The first is that one of the reasons why you might be closing the
transaction is if there's not enough space left in the journal. But
if we you going to a large number of data allocations at commit time,
there's no guaratee that there will be space in the journal for all of
the metadata blocks that might have to be modified in order to make
the block allocations.

The second problem with this scheme is a performance problem; while
you are doing handling delayed allocation blocks, you have to do this
while the journal is still locked, using magic handles that are
allowed to be created while the journal is locked. That adds all
sorts of complexity, and that seems to what you are thinking about
doing. The problem though is that while this is going on, all other
file system activity has to be blocked. So this will cause all sorts
of processes to become suspended waiting for the all of the allocation
activity to complete, which may require bitmap allocation blocks to be
read into disk, etc.

The trade off for all of these problems is that it allows you to delay
the block allocation for only 5 seconds. The question is, is this
worth it, compared with simply mounting the file system with
nodelalloc? It may be all of this complexity doesn't produce enough
of a performance gain over simply using nodelalloc.

So maybe the solution for certain distributions that are catering to
the "inexperienced user" / "users who like to use unstable video
drivers" market is to mount with nodelalloc by default, and tell them
that if they want the performance improvements of delayed allocation,
they need to lobby to get the applications fixed.
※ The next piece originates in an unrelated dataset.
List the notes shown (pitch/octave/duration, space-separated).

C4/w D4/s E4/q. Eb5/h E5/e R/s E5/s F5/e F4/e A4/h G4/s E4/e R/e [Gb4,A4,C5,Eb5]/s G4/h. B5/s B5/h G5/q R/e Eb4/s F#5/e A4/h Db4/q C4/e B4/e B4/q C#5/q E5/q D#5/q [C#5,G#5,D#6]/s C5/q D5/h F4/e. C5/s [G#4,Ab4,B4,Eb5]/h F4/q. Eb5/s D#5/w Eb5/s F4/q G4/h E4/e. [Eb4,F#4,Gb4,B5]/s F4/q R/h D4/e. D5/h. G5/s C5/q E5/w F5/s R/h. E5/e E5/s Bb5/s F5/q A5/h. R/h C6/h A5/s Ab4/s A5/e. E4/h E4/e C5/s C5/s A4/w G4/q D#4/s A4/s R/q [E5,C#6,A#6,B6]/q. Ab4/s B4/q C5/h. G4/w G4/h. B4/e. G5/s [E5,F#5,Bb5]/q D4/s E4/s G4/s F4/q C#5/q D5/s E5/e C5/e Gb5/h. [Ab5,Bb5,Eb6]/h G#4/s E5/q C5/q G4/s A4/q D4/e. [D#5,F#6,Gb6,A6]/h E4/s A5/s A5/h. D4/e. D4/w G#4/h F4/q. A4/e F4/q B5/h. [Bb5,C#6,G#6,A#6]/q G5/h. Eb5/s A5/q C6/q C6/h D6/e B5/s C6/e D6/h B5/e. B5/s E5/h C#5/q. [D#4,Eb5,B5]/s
(After all, these problems are going to be around no matter whether
people use XFS or btrfs; most modern file systems are going to use
delayed allocation, so sooner or later the broken applications really
need to get fixed. The defiant user's cry, "well, if you don't fix
this I'll switch to xfs/btrfs!" isn't going to help in this case....)

- Ted


2010-02-12 03:22:15

by Kailas Joshi

[permalink] [raw]
Subject: Re: Help on Implementation of EXT3 type Ordered Mode in EXT4

On 12 February 2010 01:26, <[email protected]> wrote:
> I've mostly given up on trying to get alloc_on_commit work, for two
> reasons.
>
> The first is that one of the reasons why you might be closing the
> transaction is if there's not enough space left in the journal. ?But
> if we you going to a large number of data allocations at commit time,
> there's no guaratee that there will be space in the journal for all of
> the metadata blocks that might have to be modified in order to make
> the block allocations.
Won't this get fixed by performing early reservations as mentioned in
my scheme? We are reserving required credits in the path of write
system call and these will be kept reserved until transaction commit.
So, the journal space for allocation at commit will be guaranteed.

>
> The second problem with this scheme is a performance problem; while
> you are doing handling delayed allocation blocks, you have to do this
> while the journal is still locked, using magic handles that are
> allowed to be created while the journal is locked. ?That adds all
> sorts of complexity, and that seems to what you are thinking about
> doing. ?The problem though is that while this is going on, all other
> file system activity has to be blocked. ?So this will cause all sorts
> of processes to become suspended waiting for the all of the allocation
> activity to complete, which may require bitmap allocation blocks to be
> read into disk, etc.
Sorry, I didn't understand why processes need to be suspended.
In my scheme, I am issuing magic handle only after locking the current
transaction. AFAIK after the transaction is locked, it can receive the
block journaling requests for already created handles(in our case, for
already reserved journal space), and the new concurrent requests for
journal_start() will go to the new current transaction. Since, the
credits for locked transaction are fixed (by means of early
reservations) we can know whether journal has enough space for the new
journal_start(). So, as long as journal has enough space available,
new processes need now be stalled.

Please correct me if this is wrong.


> The trade off for all of these problems is that it allows you to delay
> the block allocation for only 5 seconds. ?The question is, is this
> worth it, compared with simply mounting the file system with
> nodelalloc? ?It may be all of this complexity doesn't produce enough
> of a performance gain over simply using nodelalloc.
I agree. The performance gain might not be good enough compared to
'nodelalloc'. However, our goal is providing data consistency
equivalent to Journal mode at low cost. So, we are interested in
comparing performance of alloc_on_commit (and our technique) with
performance of Journal mode.

Thanks & Regards,
Kailas

2010-02-12 20:07:29

by Theodore Ts'o

[permalink] [raw]
Subject: Re: Help on Implementation of EXT3 type Ordered Mode in EXT4

On Fri, Feb 12, 2010 at 08:52:15AM +0530, Kailas Joshi wrote:
> Won't this get fixed by performing early reservations as mentioned in
> my scheme? We are reserving required credits in the path of write
> system call and these will be kept reserved until transaction commit.
> So, the journal space for allocation at commit will be guaranteed.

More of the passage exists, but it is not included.